_TASK ITEM:_
Everything from the line with "The U.S. successfully" to the final line of the entries, both included, should be restated word for word; please omit the pictures.
^^^^^^^^
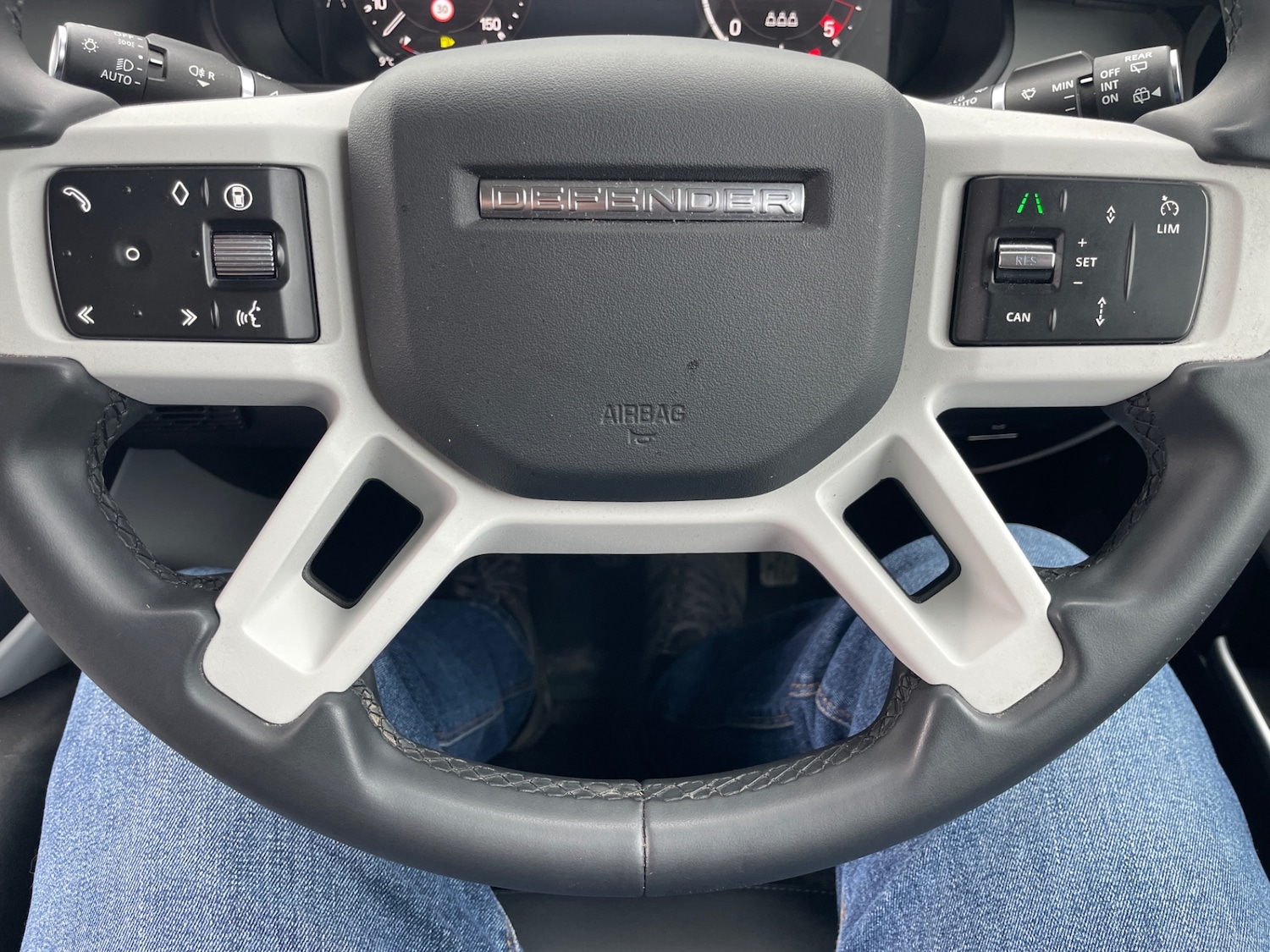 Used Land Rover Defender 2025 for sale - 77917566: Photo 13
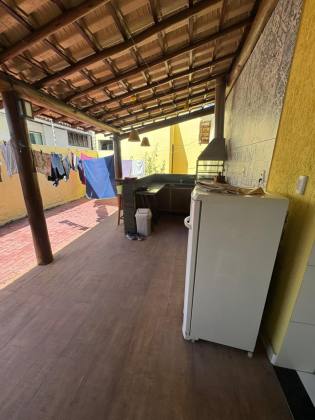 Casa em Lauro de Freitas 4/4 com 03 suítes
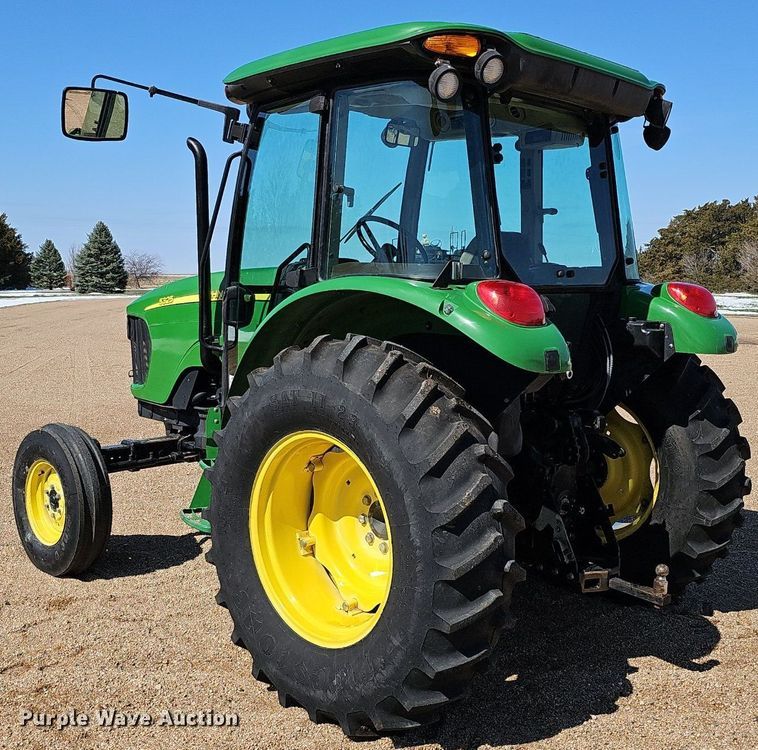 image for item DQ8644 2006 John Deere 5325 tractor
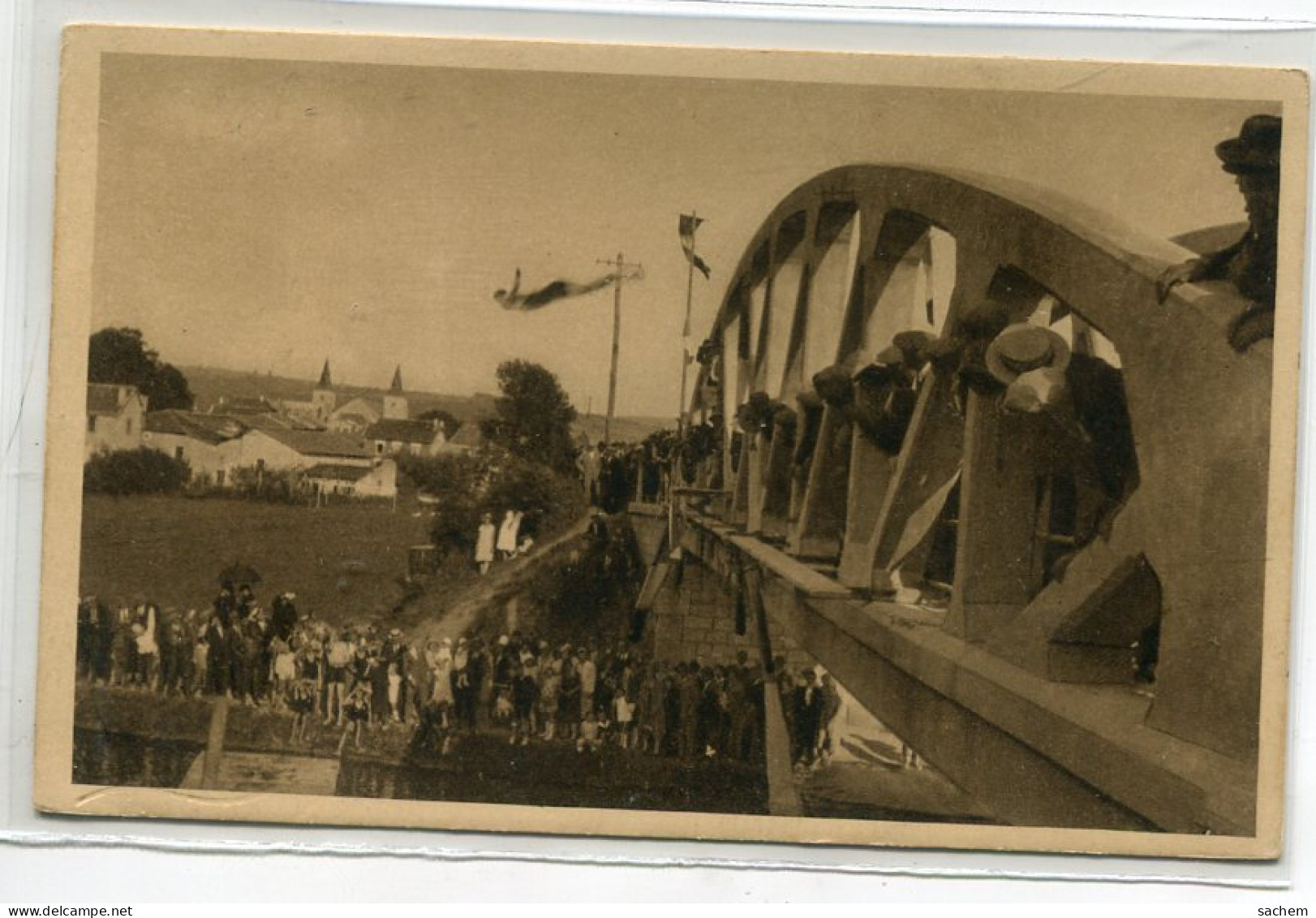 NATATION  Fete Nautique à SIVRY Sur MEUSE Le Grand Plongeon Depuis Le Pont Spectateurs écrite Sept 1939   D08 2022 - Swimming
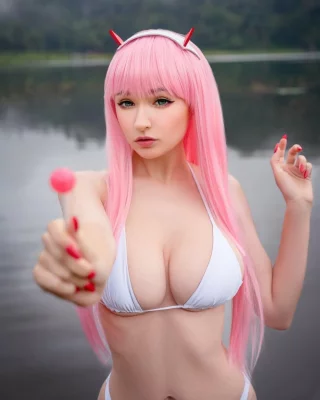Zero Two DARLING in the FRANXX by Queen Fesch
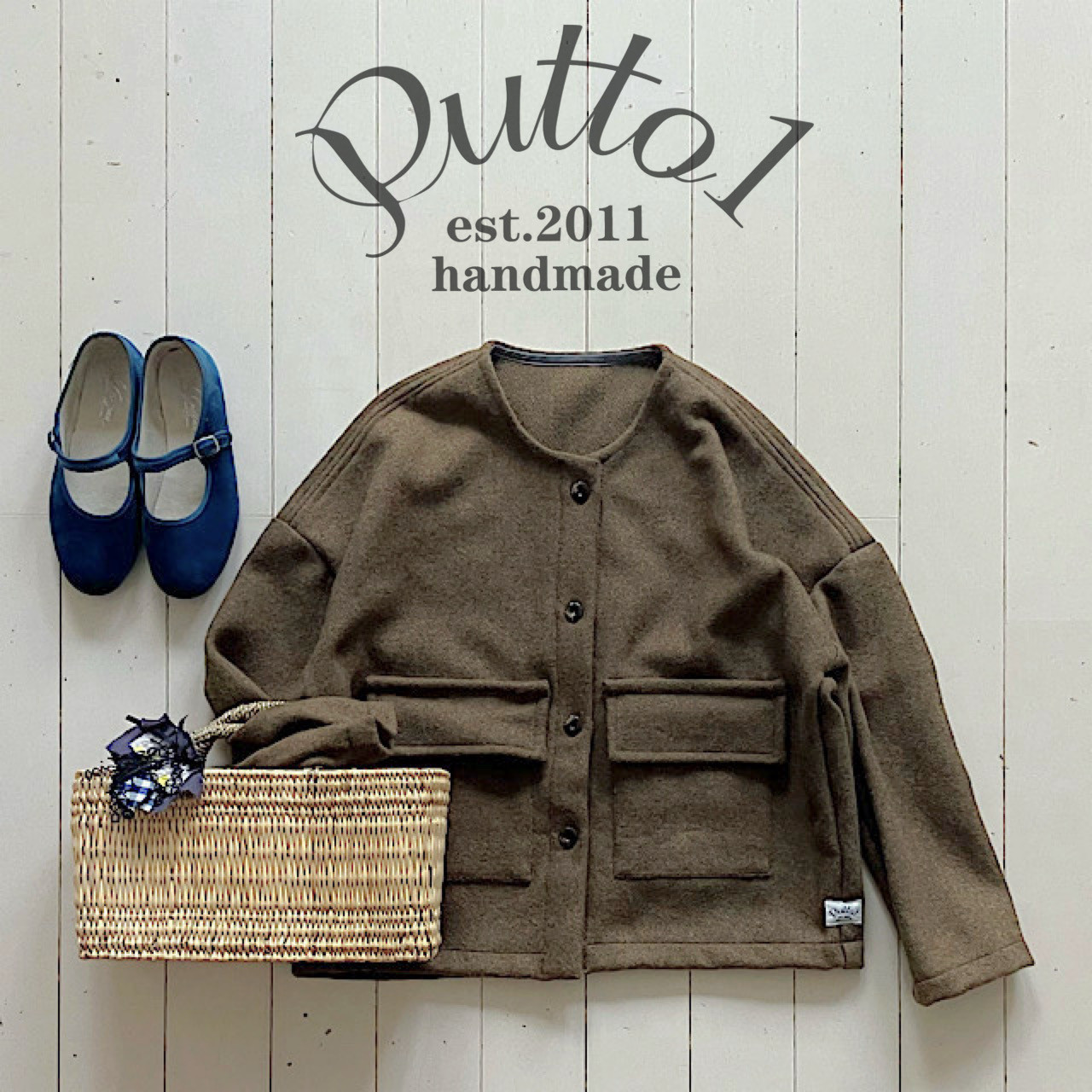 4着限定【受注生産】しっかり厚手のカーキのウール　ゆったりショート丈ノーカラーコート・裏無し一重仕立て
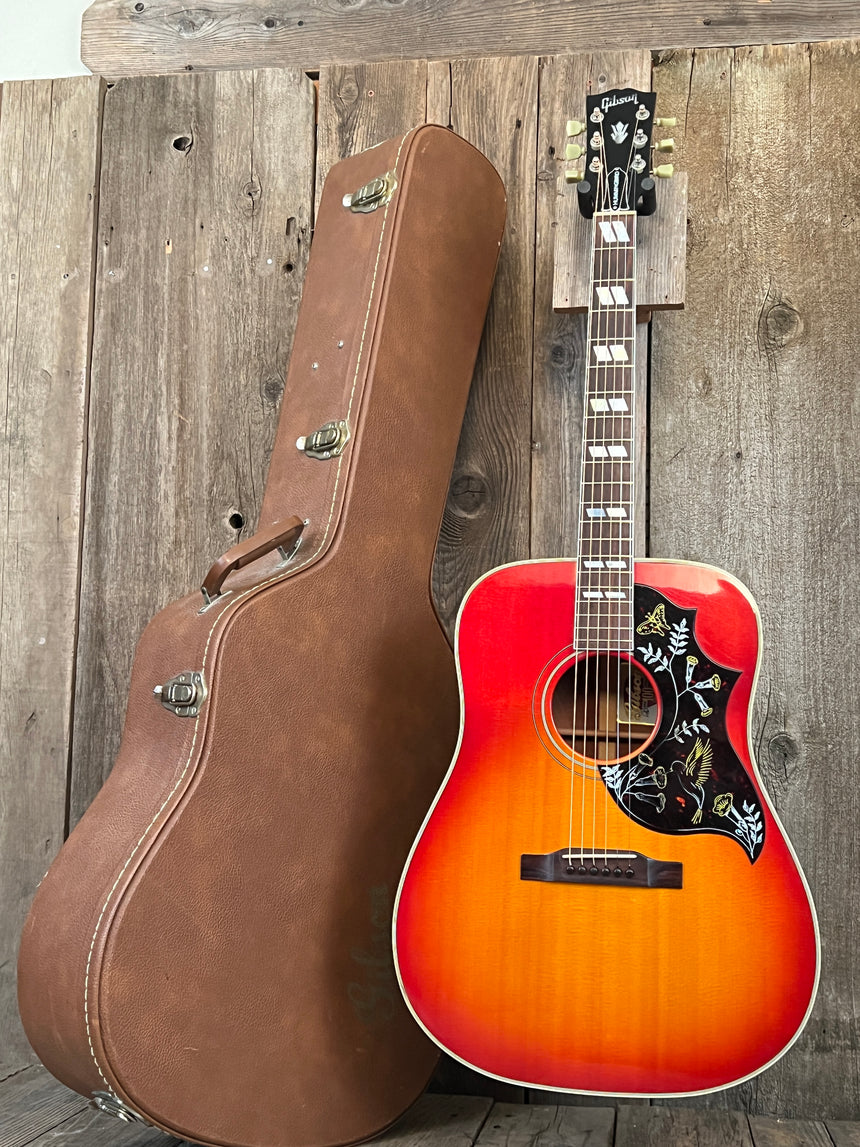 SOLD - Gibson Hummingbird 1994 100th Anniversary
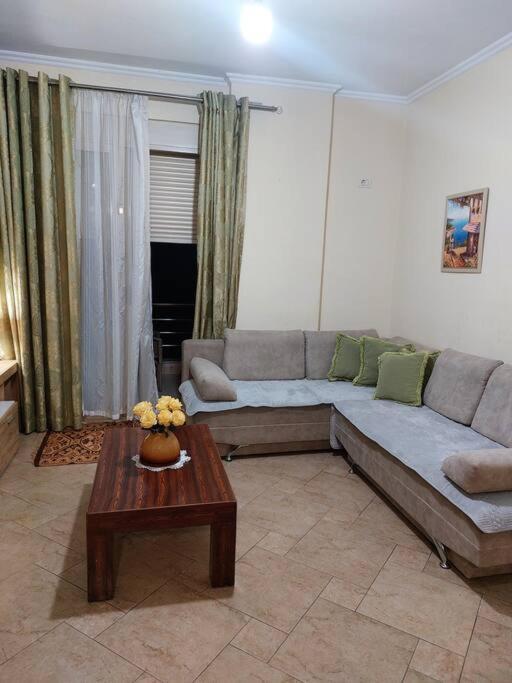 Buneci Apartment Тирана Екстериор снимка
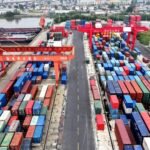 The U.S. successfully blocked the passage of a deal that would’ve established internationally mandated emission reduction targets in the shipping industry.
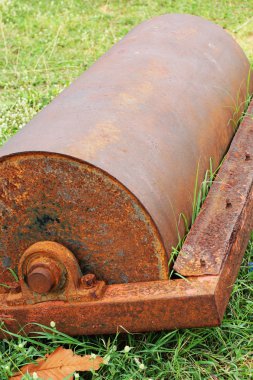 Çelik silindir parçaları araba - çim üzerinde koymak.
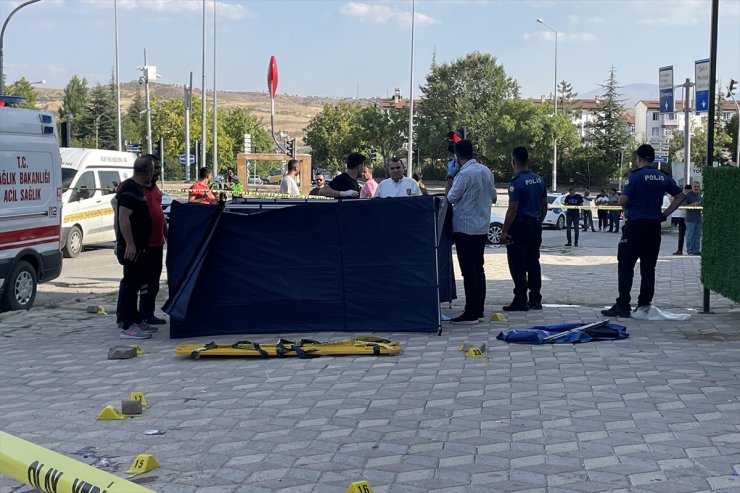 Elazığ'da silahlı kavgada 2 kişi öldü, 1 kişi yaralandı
^^^^^^^^
_RESULT BELOW:_
 The U.S. successfully blocked the passage of a deal that would’ve established internationally mandated emission reduction targets in the shipping industry.
 Çelik silindir parçaları araba - çim üzerinde koymak.
 Elazığ'da silahlı kavgada 2 kişi öldü, 1 kişi yaralandı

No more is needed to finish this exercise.